Spoils by Brian Van Reet

Spoils by [Reet, Brian Van]It's very rare for me to read contemporary war novels and when I do, I almost never choose ones about the military itself, so Spoils by former soldier Brian Van Reet was a departure for me. It is, however, billed on the cover as a war novel for people who hate war novels and I suspect there may be some truth in that.

There are three characters whose points of view the novel which is set in the Iraq war of 2003, covers. Cassandra Wigheard is a 19-year-old American soldier who has joined the US Army two years previously, primarily as a means of escape from her chaotic, poverty-stricken family. Abu al-Hool is a middle-aged Egyptian from a wealthy family who has been fighting with the mujahideen in various fields of conflict in the Islamic world, initially against the Russians in Afghanistan and now in Iraq. Finally, there's Sleed, another low-ranking soldier whose role is perhaps to show us how ordinary young men behave when faced with extraordinary circumstances, and what the terrible consequences can be.

When Cassandra is captured by Abu al-Hool's group - indirectly due to a mistake by Sleed and some of his colleagues made while they search for loot in an abandoned palace - she is faced with some difficult decisions and some extreme mental and physical challenges. Meanwhile, Abu al-Hool is disturbed by the increasingly extreme methods of his resistance group, with their new commitment to violent video propaganda and forced conversions.

This really Cassandra and al-Hool's story, with Sleed's occasional appearances taking the form of a sort of simple, ordinary-joe commentary. Sleed's voice speaks its truths in the voice of an average soldier - he's not particularly articulate, but at the same time he gets his meaning across with a disarming clarity.
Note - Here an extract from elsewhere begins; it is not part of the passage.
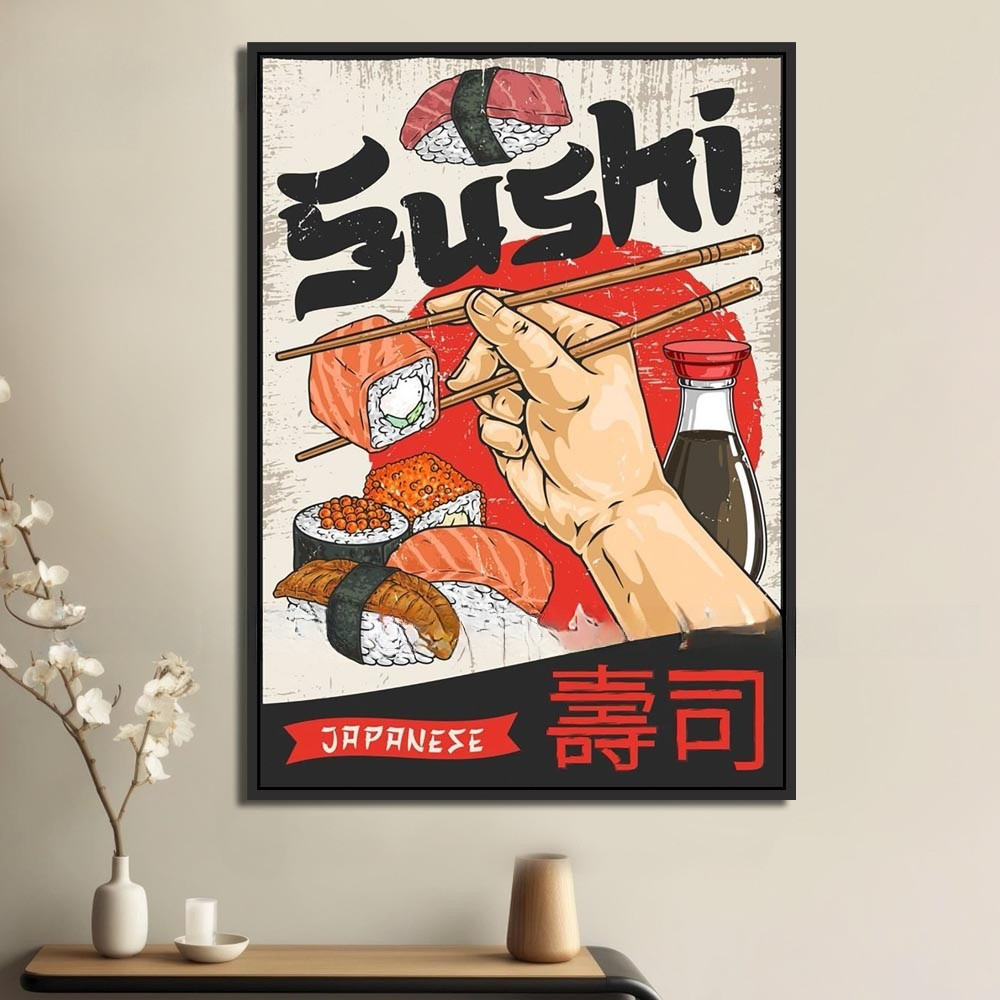 Tranh Canvas treo tường trang trí nhà hàng phong cách Nhật bản,tranh trang trí nhà hàng susi.Tranh trang trí phòng khách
By contrast, Abu al-Hool speaks with an old-fashioned eloquence. It's a pity that while I found him by far the most interesting character, I also found him the least convincing. We don't learn anywhere near enough about how this one-time spoilt rich boy from Cairo became a jihadi, and his change of heart during the course of Spoils doesn't come with enough exploration either. His precise, almost poetic language singles him out appropriately as being more educated than any of the American soldiers in his captivity, but it's just that little bit too overdone and has the odd effect of seeming to patronise the character rather than elevate him, as if he were the token dapper, educated Arab in a desert war film of the 1940s.

Cassandra's story is an interesting perspective on the unique challenges of being a woman in a war zone. Her captors see her as a valuable prize and there are obvious additional risks for a woman being held prisoner by a group of men, particularly a group of men with preconceived notions about Western women, and yet at the start of the book she also reflects on a brutal attack on another woman soldier by her own fellow soldiers - none of whom were caught and with whom Cassandra might easily be friends.

In a way, Cassandra and al-Hool are two of a kind. Both of them joined a fighting force more to give them a sense of purpose in life or a means of escape than a deeply held belief in a cause ,and yet they're both prepared to kill for it. Both of them, in different ways, find themselves questioning the company they've chosen to keep.

Van Reet is adept at evoking the sights, sounds and smells of a desert war, as well as the banality of the soldiers' boredom and the chilling ways in which ordinary people, whether they're soldiers, rebels or simply civilians caught up the chaos, can find themselves in extraordinary situations. However, perhaps the Iraq War was so extensively covered by rolling news channels beaming live images to our living rooms, I didn't feel I really learned anything new from Spoils. The perspectives in it are interesting, but largely predictable. It's a short, tense read and certainly kept me turning the pages, but I'm not sure it's one I'll remember for years to come.